Occasionally when a couple in Virginia divorces they will agree to sell their family home and divide the proceeds. However, it is often the case that one spouse will keep the family home, especially if the couple has children living there. When this happens, couples will need to decide how to handle the mortgage once their divorce is complete.
One option is to keep the original mortgage as held by both spouses jointly, even though only one of the spouses is living in the home. This might work out for couples who trust each other despite their divorce. However, there are risks. If the spouse living in the home misses a mortgage payment, the other spouse could be held responsible for the payment, and the missing payment could affect both spouses’ credit — even that of the spouse who doesn’t live in the home.

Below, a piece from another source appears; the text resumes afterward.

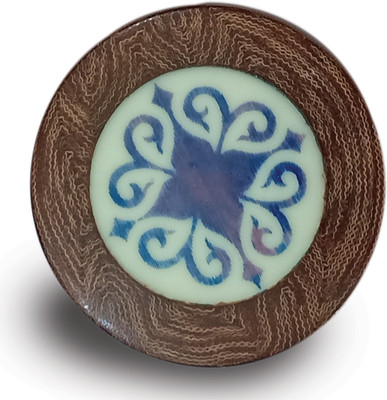 SIMCA Plastic Carrom Striker(Multicolor)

Because the spouse who does not keep the home in the property division process generally does not want to be responsible for paying the mortgage, refinancing might be a good option. The party keeping the marital home will refinance the mortgage in his or her name only. Doing so means that the party who does not keep the home is no longer responsible for paying the mortgage.

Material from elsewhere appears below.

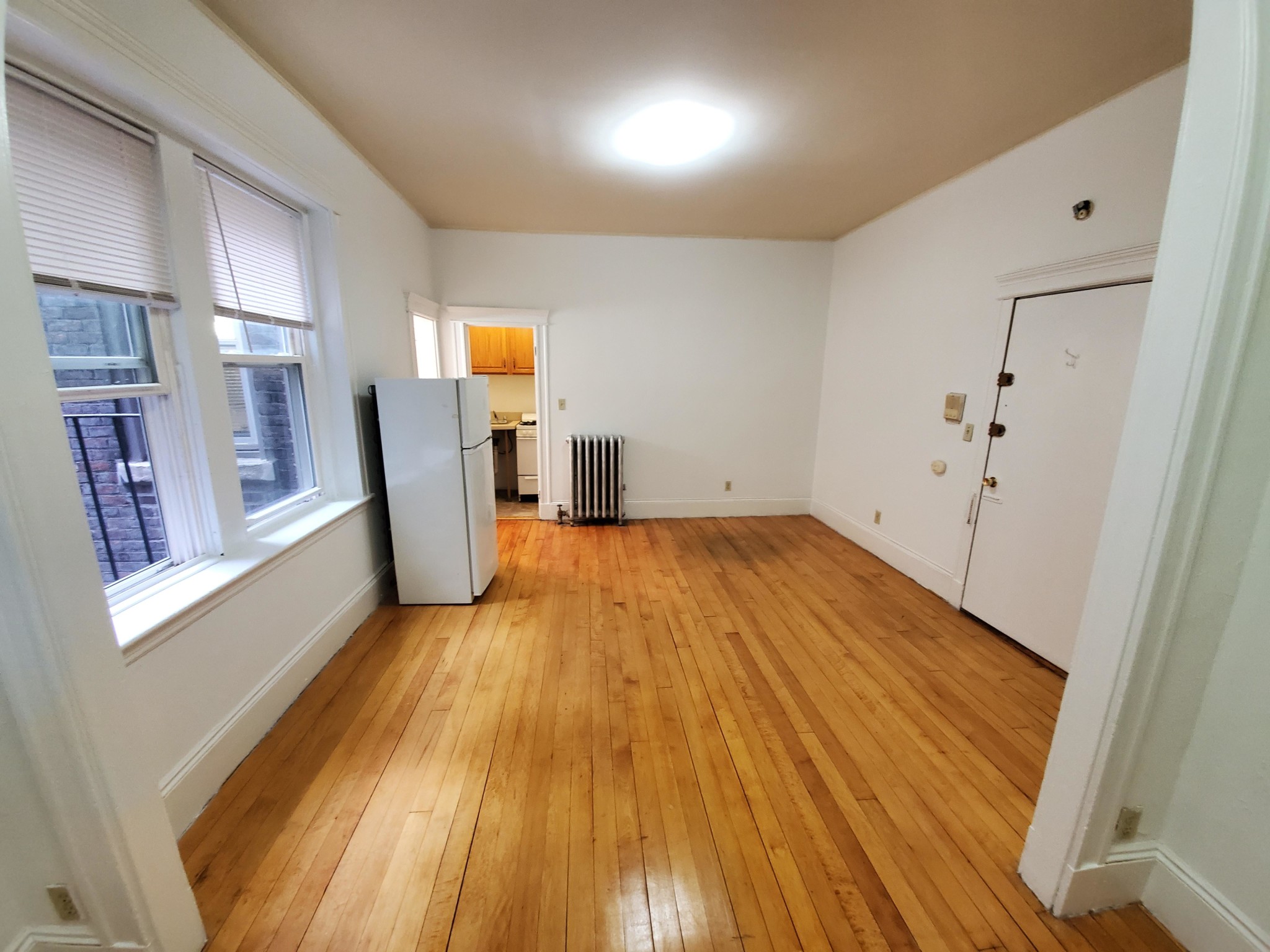 46 Westland Ave, Fenway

Finally, sometimes it is possible for the parties to assume the loan. When a loan is assumed, the spouse who is not awarded the family home will have his or her name removed from the mortgage, but the spouse who is retaining the family home will not have to refinance. Doing so might be good if the current mortgage has a good interest rate. However, there are assumption fees to be paid, and not all mortgages can be assumed, especially those issued after 2008. Also, the spouse whose name is staying on the mortgage will need to provide documentation that he or she can afford to pay the mortgage on his or her own.
As this shows, couples have options when it comes to the mortgage post-divorce. These options should be considered during the property division process, so that a fair and appropriate result can be reached.